Where does the word "Street" show up in the records? Copy every line that holds it.

━━ EXERCISE MATERIALS ━━

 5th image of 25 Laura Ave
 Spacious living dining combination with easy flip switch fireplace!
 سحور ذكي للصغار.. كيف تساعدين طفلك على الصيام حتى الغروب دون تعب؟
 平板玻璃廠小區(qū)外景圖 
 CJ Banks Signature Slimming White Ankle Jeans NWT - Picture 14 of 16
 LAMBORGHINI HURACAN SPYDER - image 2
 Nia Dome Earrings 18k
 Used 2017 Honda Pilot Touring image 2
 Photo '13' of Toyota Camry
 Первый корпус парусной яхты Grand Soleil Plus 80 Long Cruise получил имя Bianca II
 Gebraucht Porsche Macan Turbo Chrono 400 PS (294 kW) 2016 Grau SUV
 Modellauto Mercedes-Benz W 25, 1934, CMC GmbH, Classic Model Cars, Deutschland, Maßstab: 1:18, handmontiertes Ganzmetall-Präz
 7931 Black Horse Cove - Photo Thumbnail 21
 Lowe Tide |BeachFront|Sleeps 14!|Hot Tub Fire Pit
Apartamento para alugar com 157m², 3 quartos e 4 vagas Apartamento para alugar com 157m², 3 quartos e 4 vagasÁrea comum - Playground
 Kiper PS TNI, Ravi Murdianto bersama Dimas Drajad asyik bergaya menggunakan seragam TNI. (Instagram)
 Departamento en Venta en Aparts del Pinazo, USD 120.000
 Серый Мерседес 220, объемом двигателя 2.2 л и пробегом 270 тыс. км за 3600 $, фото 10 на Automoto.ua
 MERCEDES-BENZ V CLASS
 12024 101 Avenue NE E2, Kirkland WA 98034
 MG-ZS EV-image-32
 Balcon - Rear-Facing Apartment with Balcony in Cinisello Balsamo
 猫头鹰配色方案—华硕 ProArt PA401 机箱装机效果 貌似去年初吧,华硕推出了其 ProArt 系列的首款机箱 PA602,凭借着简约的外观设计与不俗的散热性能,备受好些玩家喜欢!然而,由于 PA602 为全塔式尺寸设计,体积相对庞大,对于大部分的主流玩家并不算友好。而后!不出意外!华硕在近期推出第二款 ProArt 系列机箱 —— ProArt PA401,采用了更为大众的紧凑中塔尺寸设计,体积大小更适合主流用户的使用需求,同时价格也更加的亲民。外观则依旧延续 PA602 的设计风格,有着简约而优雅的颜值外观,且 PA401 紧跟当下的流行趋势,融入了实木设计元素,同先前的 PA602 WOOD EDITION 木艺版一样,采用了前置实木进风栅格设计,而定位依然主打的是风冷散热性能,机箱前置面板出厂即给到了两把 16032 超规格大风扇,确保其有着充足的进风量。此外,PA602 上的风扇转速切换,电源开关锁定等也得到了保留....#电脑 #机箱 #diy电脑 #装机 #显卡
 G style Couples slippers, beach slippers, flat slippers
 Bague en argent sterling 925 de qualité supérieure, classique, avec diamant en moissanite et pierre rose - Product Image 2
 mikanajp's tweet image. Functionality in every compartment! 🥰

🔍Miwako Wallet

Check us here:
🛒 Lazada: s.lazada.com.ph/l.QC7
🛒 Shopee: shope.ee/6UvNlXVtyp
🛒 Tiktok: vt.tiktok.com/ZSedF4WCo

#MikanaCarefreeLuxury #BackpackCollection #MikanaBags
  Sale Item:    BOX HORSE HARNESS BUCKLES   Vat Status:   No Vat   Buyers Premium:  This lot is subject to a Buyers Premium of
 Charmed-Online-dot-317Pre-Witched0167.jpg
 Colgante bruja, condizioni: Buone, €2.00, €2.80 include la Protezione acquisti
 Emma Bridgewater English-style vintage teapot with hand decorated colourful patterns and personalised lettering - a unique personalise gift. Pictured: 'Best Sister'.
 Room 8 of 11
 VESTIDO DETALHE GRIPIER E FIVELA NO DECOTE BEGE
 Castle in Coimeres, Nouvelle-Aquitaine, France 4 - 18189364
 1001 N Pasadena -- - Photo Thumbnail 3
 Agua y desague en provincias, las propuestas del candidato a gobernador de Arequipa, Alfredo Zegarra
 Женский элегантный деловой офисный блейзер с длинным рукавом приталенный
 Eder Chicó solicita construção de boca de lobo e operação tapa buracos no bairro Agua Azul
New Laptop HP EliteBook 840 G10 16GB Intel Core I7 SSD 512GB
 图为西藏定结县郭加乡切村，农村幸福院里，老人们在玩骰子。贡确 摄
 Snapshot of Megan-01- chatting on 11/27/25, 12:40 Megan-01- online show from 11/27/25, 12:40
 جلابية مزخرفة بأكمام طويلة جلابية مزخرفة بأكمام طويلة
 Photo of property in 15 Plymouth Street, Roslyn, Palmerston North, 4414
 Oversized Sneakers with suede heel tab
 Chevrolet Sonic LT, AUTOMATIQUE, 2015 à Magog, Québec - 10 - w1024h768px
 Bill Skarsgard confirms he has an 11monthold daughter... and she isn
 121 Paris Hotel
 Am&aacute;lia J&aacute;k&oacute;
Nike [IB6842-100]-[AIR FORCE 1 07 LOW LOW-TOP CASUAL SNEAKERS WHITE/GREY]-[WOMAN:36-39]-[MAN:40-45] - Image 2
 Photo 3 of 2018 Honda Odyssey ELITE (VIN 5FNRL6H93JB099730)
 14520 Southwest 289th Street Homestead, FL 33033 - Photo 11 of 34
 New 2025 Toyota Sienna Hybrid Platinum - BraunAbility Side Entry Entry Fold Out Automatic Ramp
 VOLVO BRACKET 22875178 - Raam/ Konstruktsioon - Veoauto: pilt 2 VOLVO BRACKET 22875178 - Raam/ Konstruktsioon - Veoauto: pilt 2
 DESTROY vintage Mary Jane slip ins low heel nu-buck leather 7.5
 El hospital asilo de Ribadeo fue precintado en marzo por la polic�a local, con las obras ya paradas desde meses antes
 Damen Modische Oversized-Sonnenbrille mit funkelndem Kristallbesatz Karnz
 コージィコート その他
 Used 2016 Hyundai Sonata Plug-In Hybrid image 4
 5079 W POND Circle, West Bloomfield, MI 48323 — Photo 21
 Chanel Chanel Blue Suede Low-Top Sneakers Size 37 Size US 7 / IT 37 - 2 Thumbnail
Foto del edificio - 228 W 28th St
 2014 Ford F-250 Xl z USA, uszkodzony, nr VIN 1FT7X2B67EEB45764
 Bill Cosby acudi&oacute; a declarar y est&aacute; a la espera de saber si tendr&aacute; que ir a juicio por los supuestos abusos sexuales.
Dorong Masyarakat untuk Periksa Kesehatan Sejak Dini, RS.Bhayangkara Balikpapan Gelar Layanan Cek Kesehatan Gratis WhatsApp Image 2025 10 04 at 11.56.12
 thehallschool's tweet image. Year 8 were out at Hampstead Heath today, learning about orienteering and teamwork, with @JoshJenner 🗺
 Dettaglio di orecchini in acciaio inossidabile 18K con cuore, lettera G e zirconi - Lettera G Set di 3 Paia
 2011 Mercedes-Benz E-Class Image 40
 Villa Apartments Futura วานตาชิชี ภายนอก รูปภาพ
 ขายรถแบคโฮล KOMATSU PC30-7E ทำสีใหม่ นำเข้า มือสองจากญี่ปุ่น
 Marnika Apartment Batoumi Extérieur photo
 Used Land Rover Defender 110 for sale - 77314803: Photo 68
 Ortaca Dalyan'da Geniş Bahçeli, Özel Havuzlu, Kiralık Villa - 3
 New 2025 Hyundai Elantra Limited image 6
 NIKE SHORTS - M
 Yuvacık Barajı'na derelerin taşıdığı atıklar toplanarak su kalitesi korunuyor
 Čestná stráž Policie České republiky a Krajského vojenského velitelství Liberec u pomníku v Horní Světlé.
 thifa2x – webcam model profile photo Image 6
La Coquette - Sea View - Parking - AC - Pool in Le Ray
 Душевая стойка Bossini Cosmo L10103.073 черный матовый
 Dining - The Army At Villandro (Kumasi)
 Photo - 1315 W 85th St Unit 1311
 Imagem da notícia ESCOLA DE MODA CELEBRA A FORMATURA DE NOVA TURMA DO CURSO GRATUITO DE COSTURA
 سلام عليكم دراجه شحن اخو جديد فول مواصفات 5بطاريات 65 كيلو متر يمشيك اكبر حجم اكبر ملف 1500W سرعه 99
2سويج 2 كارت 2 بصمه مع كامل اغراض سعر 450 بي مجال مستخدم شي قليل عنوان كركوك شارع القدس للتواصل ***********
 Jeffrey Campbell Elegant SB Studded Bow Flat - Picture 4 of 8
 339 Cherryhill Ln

━━━

- [OUTPUT OF THE TASK]
 Photo of property in 15 Plymouth Street, Roslyn, Palmerston North, 4414
 14520 Southwest 289th Street Homestead, FL 33033 - Photo 11 of 34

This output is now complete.